There are many types of packaging. For example, a transport package or distribution package can be the shipping container used to ship, store, and handle the product or inner packages. Some identify a consumer package as one which is directed towards a person or household.

Packaging may be described in relation to the type of product being packaged: medical device packaging, bulk chemical packaging, over-the-counter drug packaging, retail food packaging, military materiel packaging, pharmaceutical packaging, etc.

It is sometimes useful to categorize packages by layer or function:
- Primary packaging is the material that first envelops the product and holds it. This usually is the smallest unit of distribution or use and is the package which is in direct contact with the contents.
- Secondary packaging is outside the primary packaging, and may be used to prevent pilferage or to group primary packages together.
- Tertiary or transit packaging is used for bulk handling, warehouse storage and transport shipping. The most common form is a palletized unit load that packs tightly into containers.

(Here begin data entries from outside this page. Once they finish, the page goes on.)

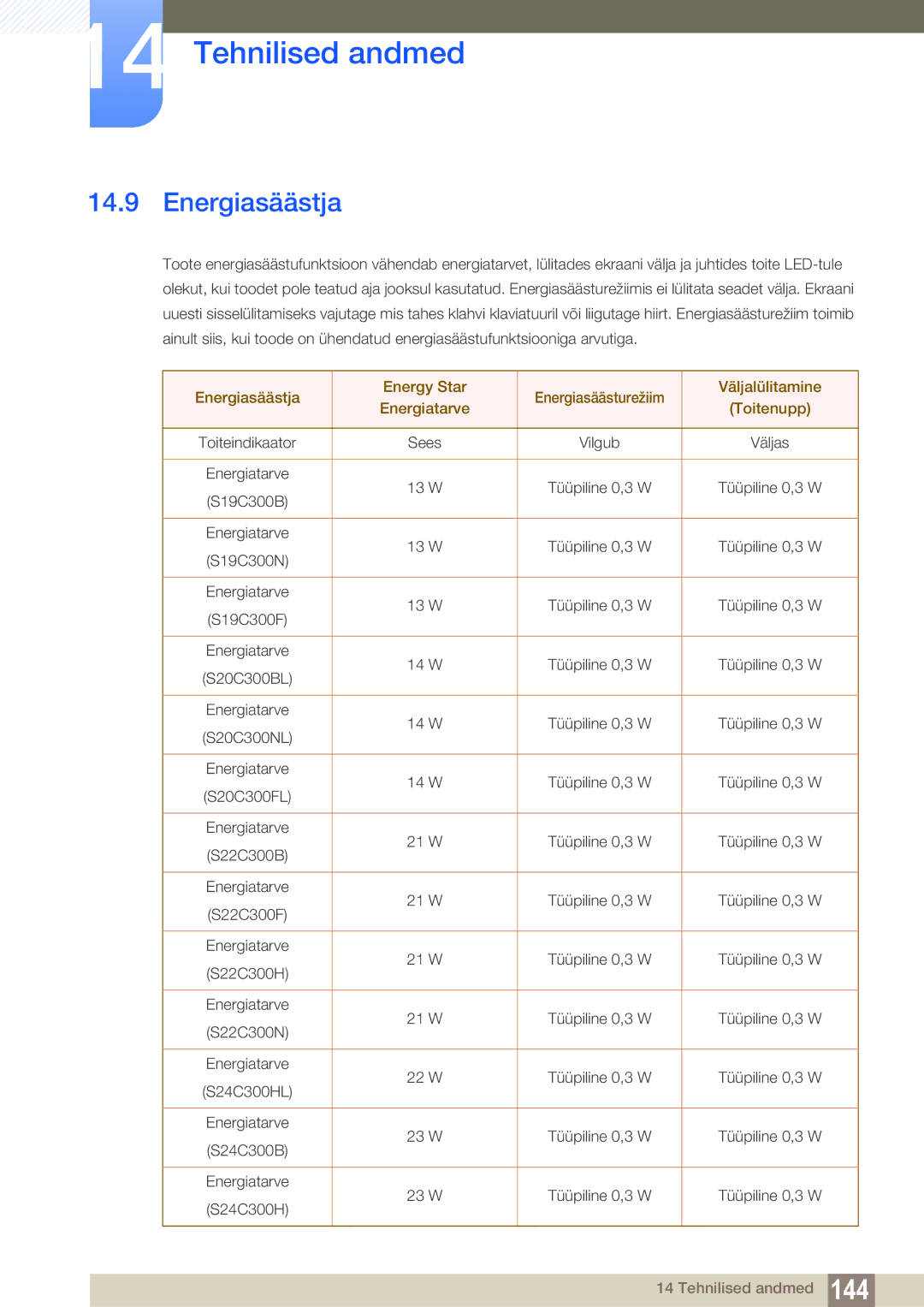 Samsung LS22C300HS/EN, LS24C300BS/EN, LS19C300BS/EN, LS22C300BS/EN, LS20C300BL/EN manual Energiasäästja 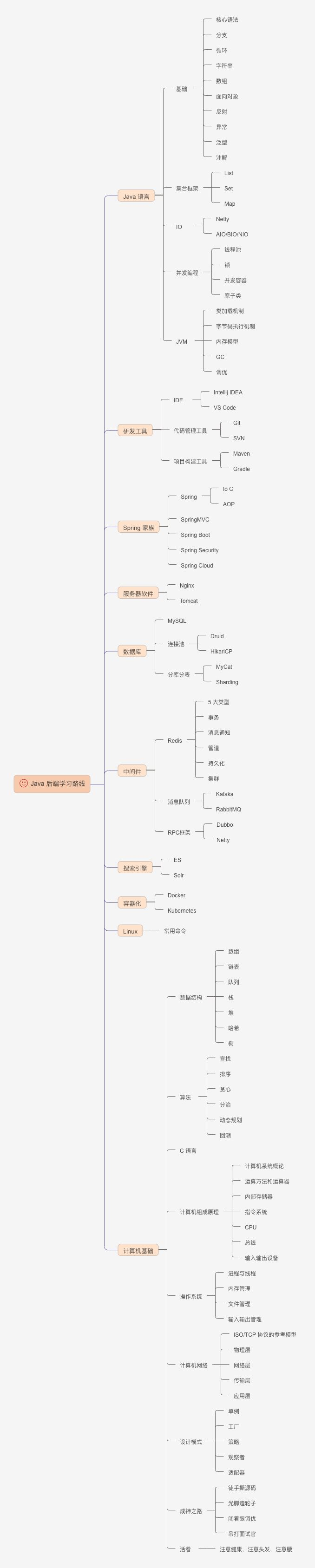 大学学习编程的一点小建议_java_03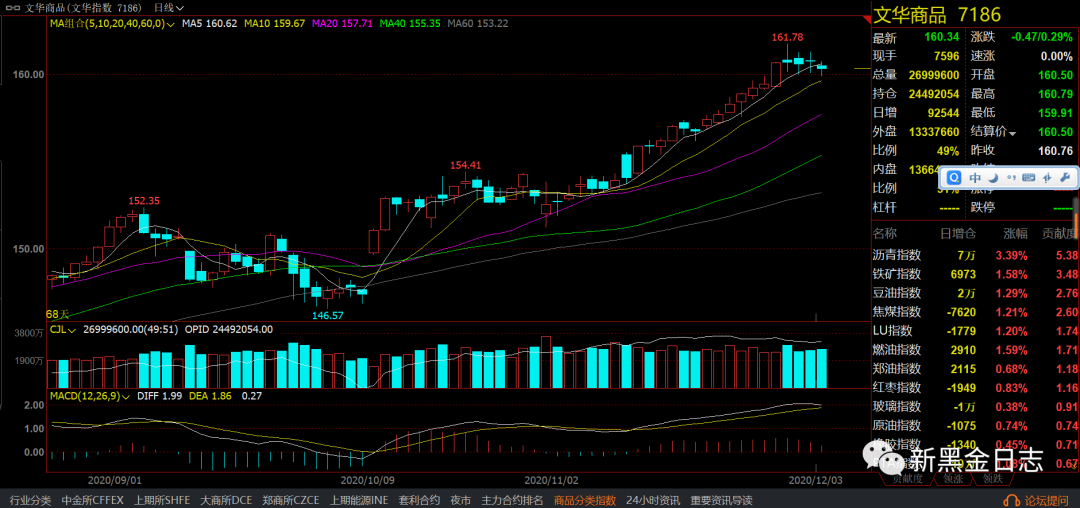 640?wx_fmt=png&tp=webp&wxfrom=5&wx_lazy=1&wx_co=1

These broad categories can be somewhat arbitrary and the same packaging material can be used for each layer. For example, shrink wrap can be primary packaging when applied directly to the product, secondary packaging when used to combine smaller packages, or tertiary packaging when used to facilitate some types of distribution, such as to affix a number of cartons on a pallet.

Packaging can also have categories based on the package form. For example, thermoform packaging and flexible packaging describe broad usage areas.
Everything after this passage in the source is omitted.